Besides the title image that I pinched from nintendo.co.uk, all images in this article are screenshots from the iPhone version of the game, but they do the job.
The main appeal of the Switch for me is as a travel companion when I drive across Europe to visit my sister in Switzerland, or pop back to the UK to visit friends and family there. The screen is just fantastic, and it has effectively replaced my 3DS for playing indie games for this reason. Between Switch and iPad my entertainment needs are satisfied when staying in a cheap German hotel.
Whilst I generally balk at the idea of paying several euros for a game that I can buy on my iPhone/iPad for €0,99, Switch has one big advantage over my iDevices – buttons. One More Jump was one of my favourite iPhone games, requiring a simple thumb tap to jump over obstacles, and it is improved significantly on Switch.
Your character (a happy, smiley block) travels automatically along the ground at a set speed, requiring you only to tap a button to jump. White ground is safe, everything else kills you.
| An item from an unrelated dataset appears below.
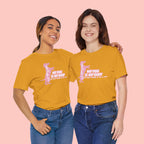 T-Shirt — "My Dog Is My Baby" Pink Dachshund Tee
Jumping at the end of a road carries your around the corner and onto the next section.
There are further tile sets available with additional character sprites purchasable with gems collected in the game, though I prefer to stick with the default, minimalist version – some of the others introduce a distracting blur, or in some cases suffer from slight design problems such as objects being the same colour as the ground and therefore hard to make out.
Each new collection of levels (grouped in 12s) introduces new mechanics to test your reactions, and each level has a variety of versions for those seeking a challenge – mirror mode flips the level, night mode limits how far around you you can see, and rotation mode spins the level slowly as you play. Each level also has three blue gems that can be quite difficult to collect within the limitations of the game engine.
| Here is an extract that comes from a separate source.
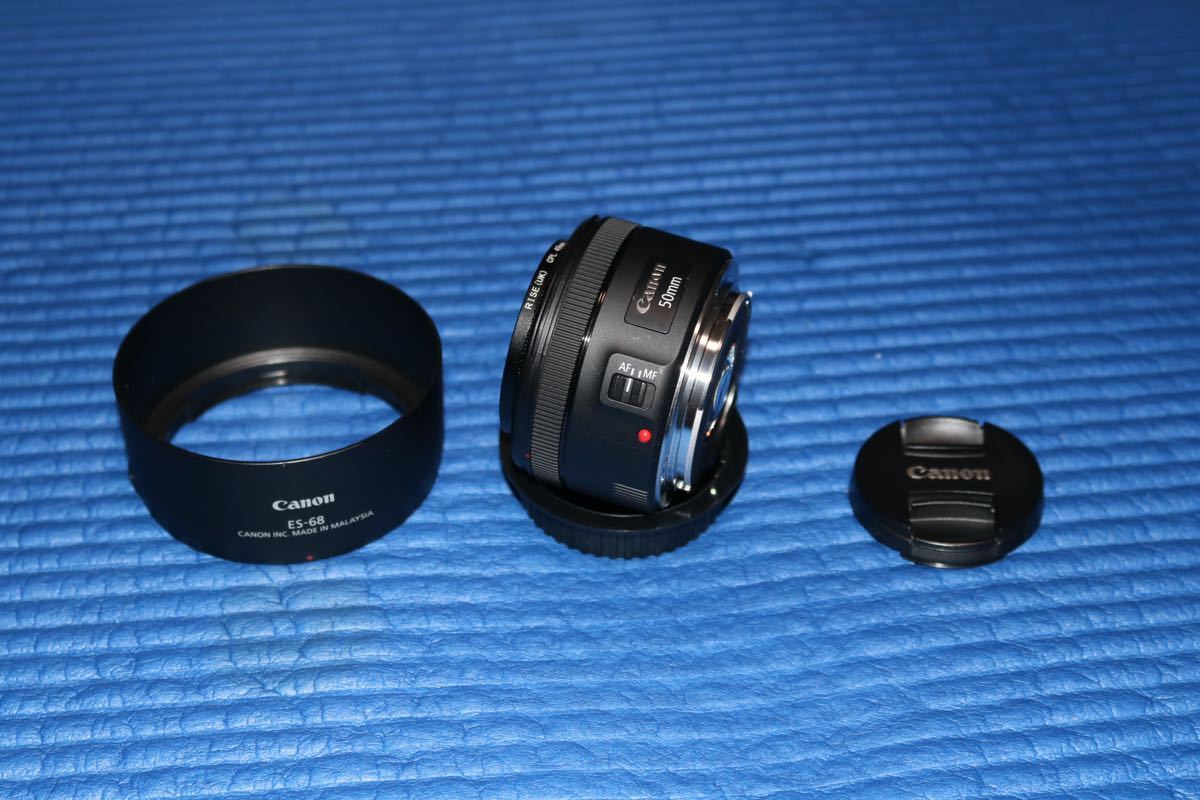 最新の激安 EF50mm キヤノン CANNON ☆ F1.8 ☆ 単焦点レンズ STM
Further longevity comes from two addition modes – Endless and Circuit. The first, as you might suspect, pots you against an endless, randomly-generated track, scoring points based on distance travelled. Circuit instead places you in a square track, making your way around it, each side changing randomly as you leave it behind. Points here are awarded for the number of successful jumps, and it is considerably more difficult with the confined space and the distraction of each side of the square being pulled out and replaced on screen.
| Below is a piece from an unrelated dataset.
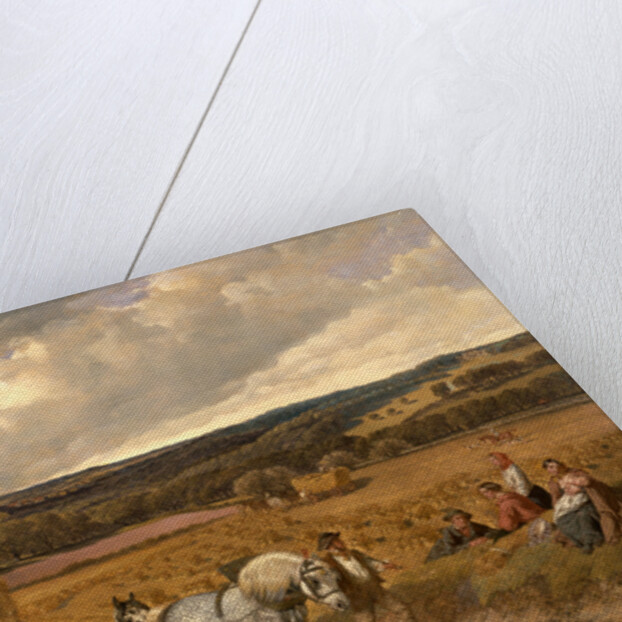The Harvest by John Frederick Herring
Unlike some similar games which can have a very steep learning curve – a couple of easy levels and then a brick wall of difficultly, Super One More Jump has a nice, steady gradient as you progress. It never feels unfair, and is rarely frustrating in the early stages.
As a boredom buster this game ticks all the boxes, and is recommended to anyone looking for a new indie game for their collection. One of my favourites now on Switch.